- TASK INSTRUCTIONS -
For the full listing below, write out each entry exactly and exclude the images.

- DATA -
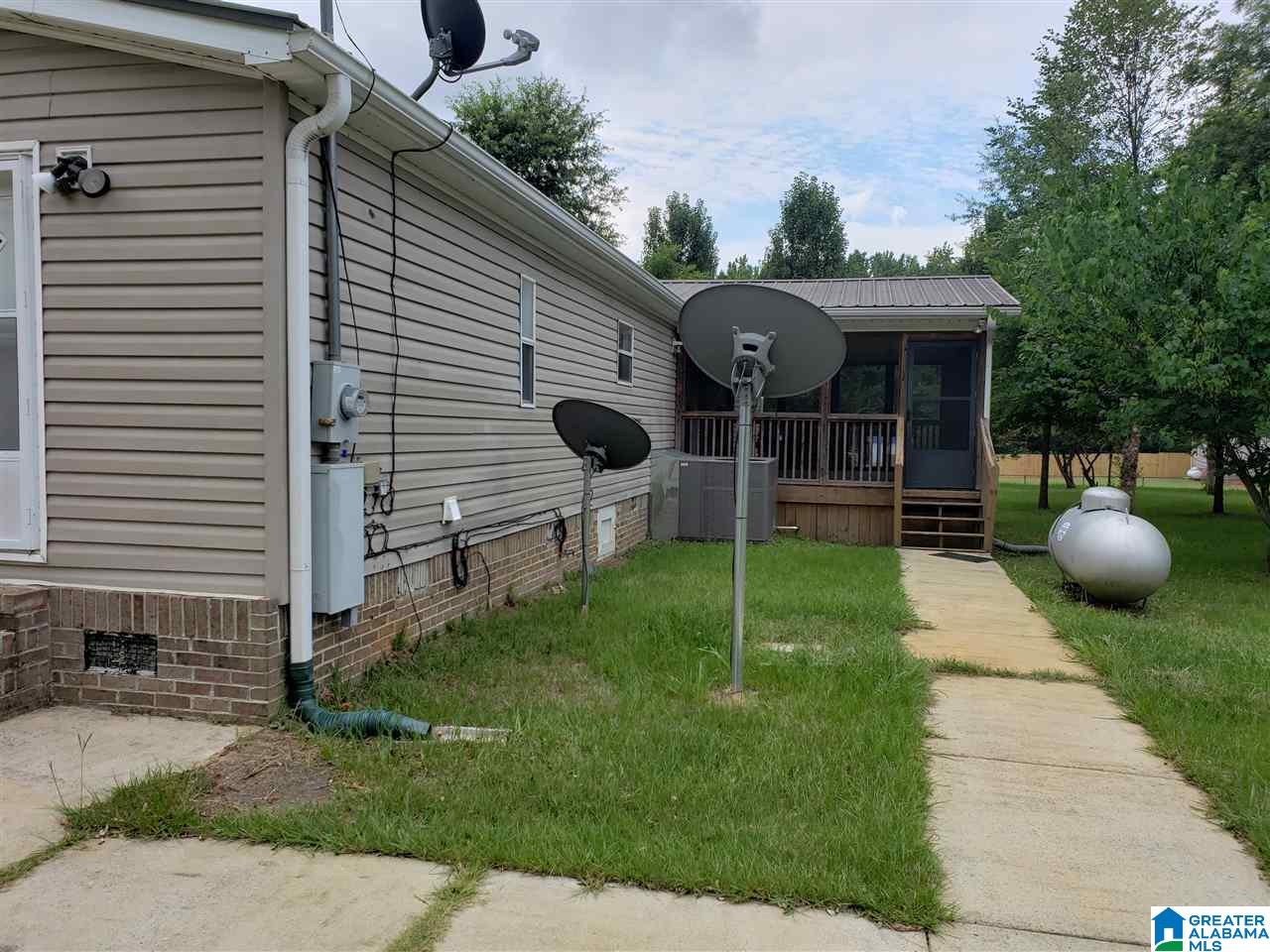 101 Whitney Circle Vincent, AL 35178 - Photo 28 of 31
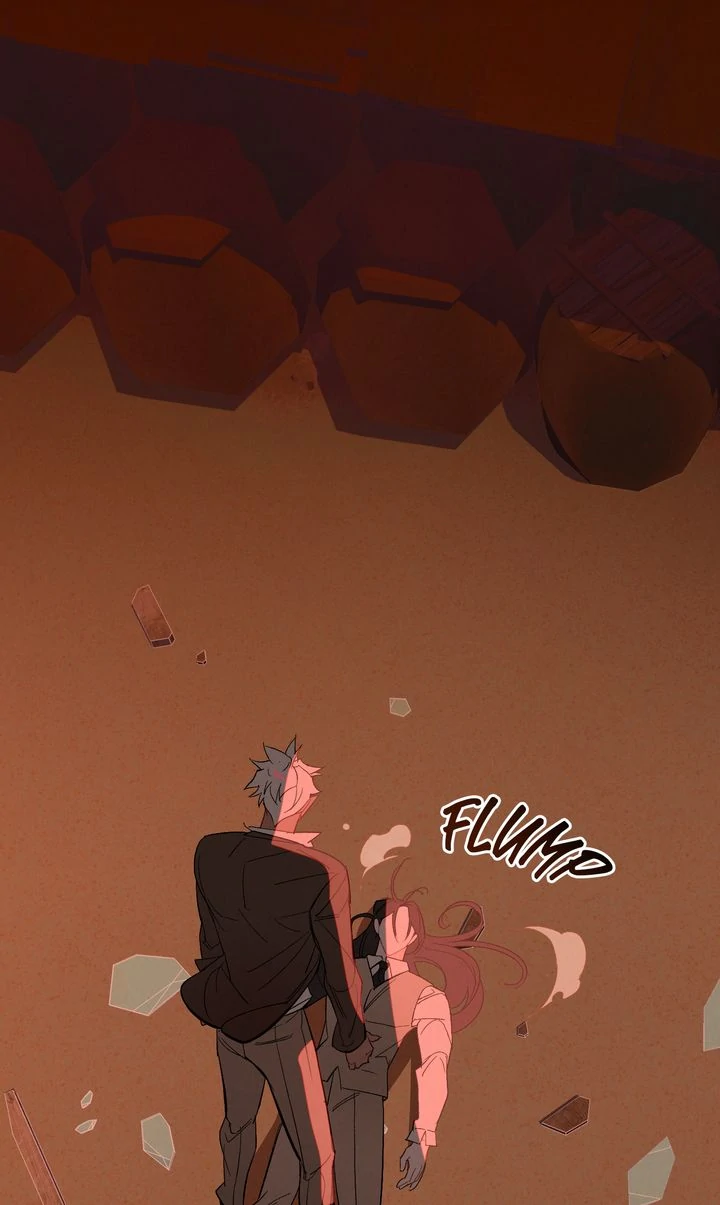 Even If Despair Consumes You Chapter 60 - Page 57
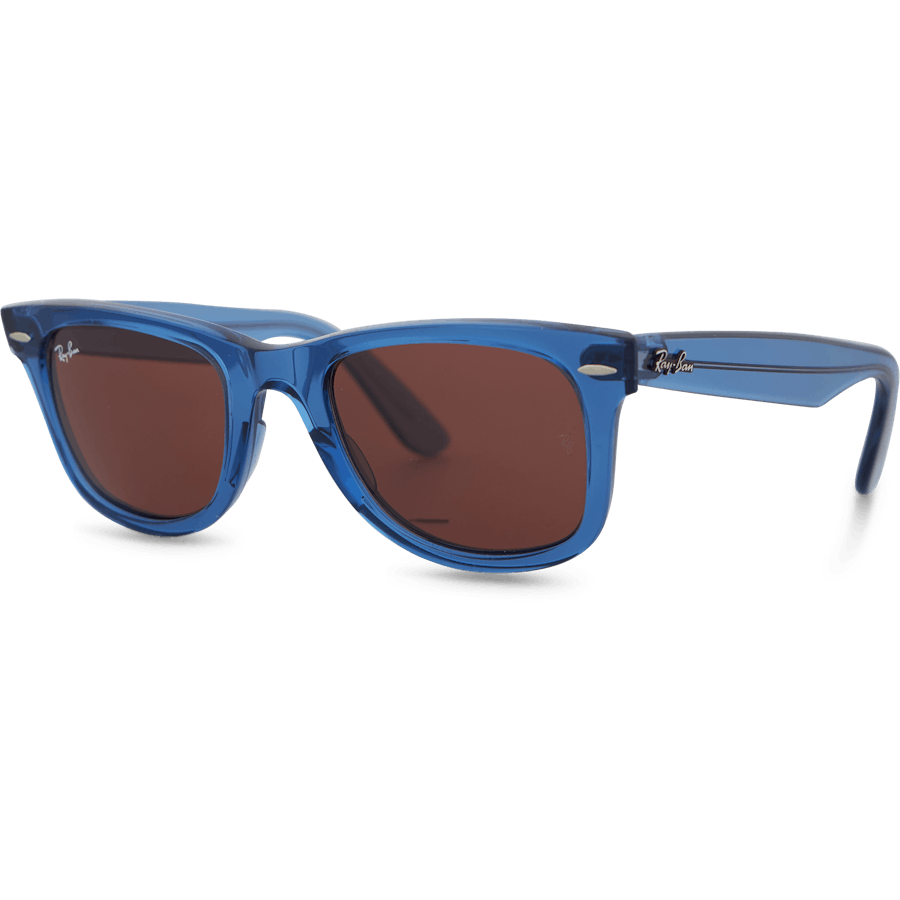 Wayfarer 6587c5-50 Black
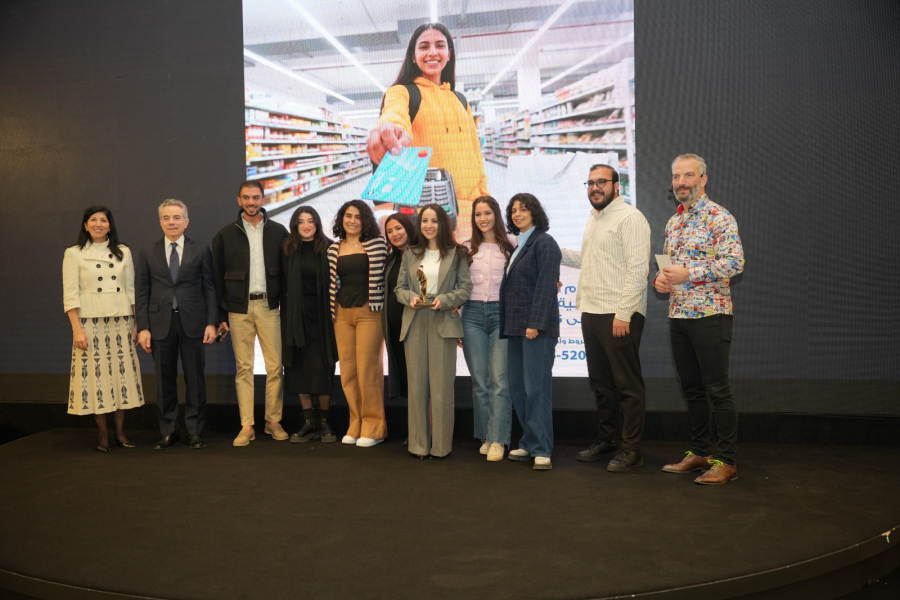 البنك الأردني الكويتي يحصد الجائزة الفضية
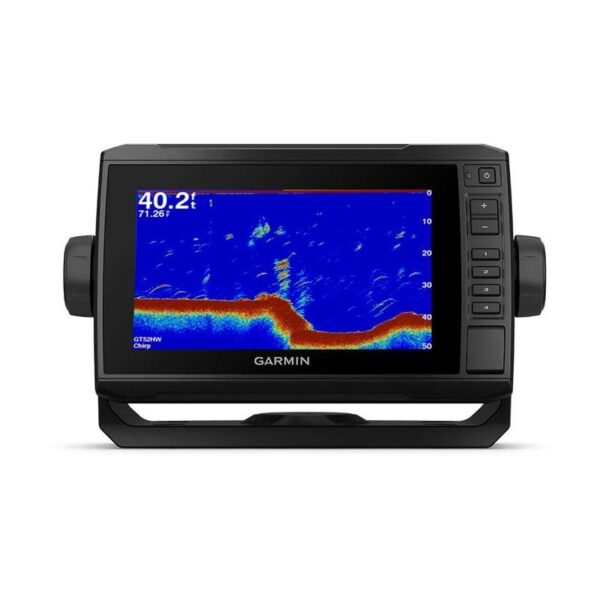 Sondeur Gps Garmin Echomap Uhd 72Sv – Image 2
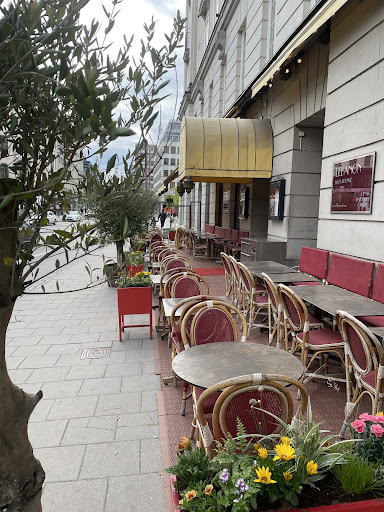 Photo of Lebanon Meza Lounge - Hamngatan 6, 111 47 Stockholm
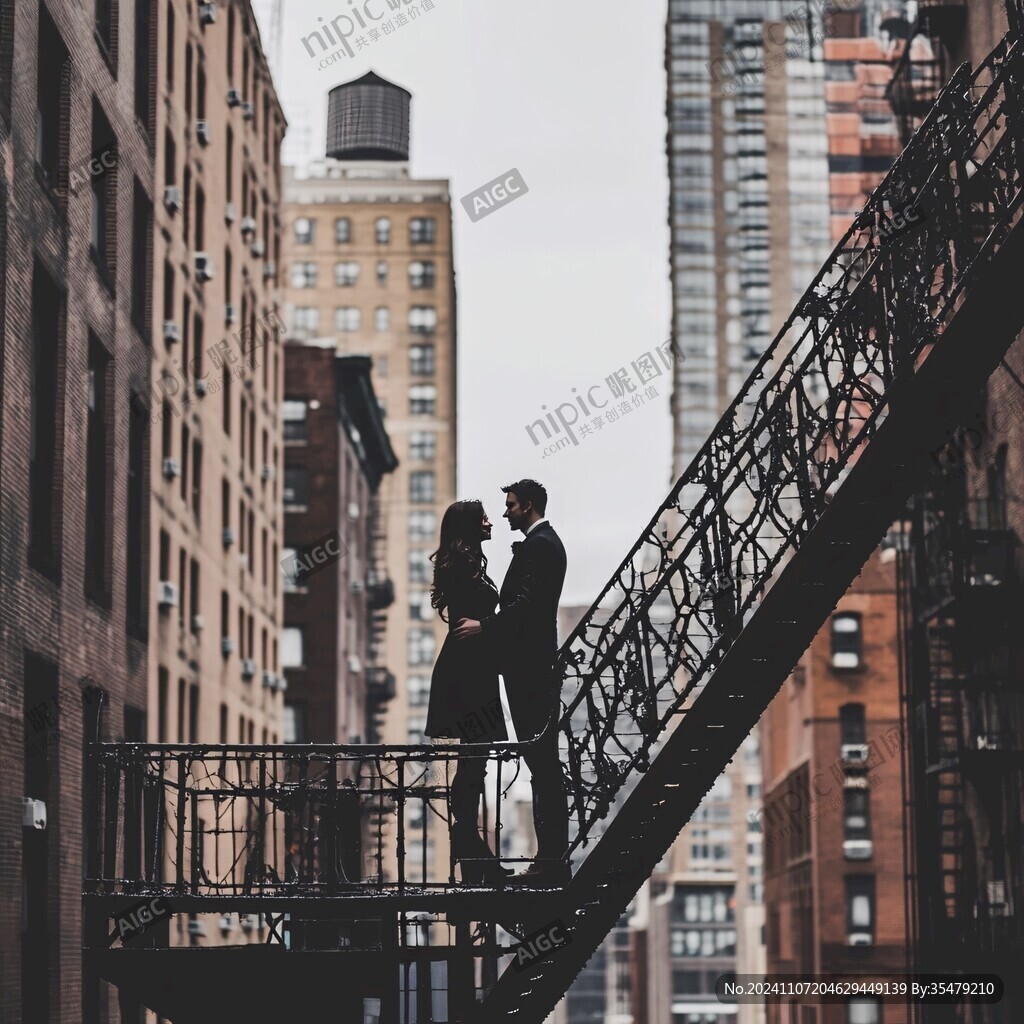 都市婚礼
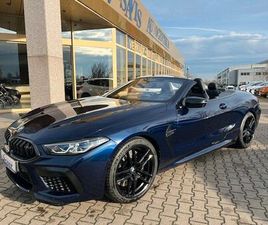 CABRIO COMPETITION BOWERS & WILKINS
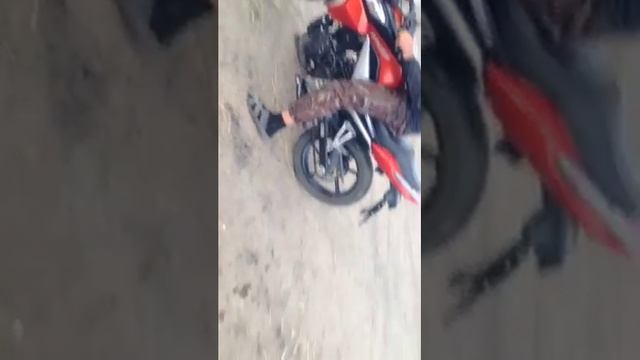 Racer и Irbis смотреть онлайн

- EXERCISE SOLUTION -
 101 Whitney Circle Vincent, AL 35178 - Photo 28 of 31
 Even If Despair Consumes You Chapter 60 - Page 57
 Wayfarer 6587c5-50 Black
 البنك الأردني الكويتي يحصد الجائزة الفضية
 Sondeur Gps Garmin Echomap Uhd 72Sv – Image 2
 Photo of Lebanon Meza Lounge - Hamngatan 6, 111 47 Stockholm
 都市婚礼
 CABRIO COMPETITION BOWERS & WILKINS
 Racer и Irbis смотреть онлайн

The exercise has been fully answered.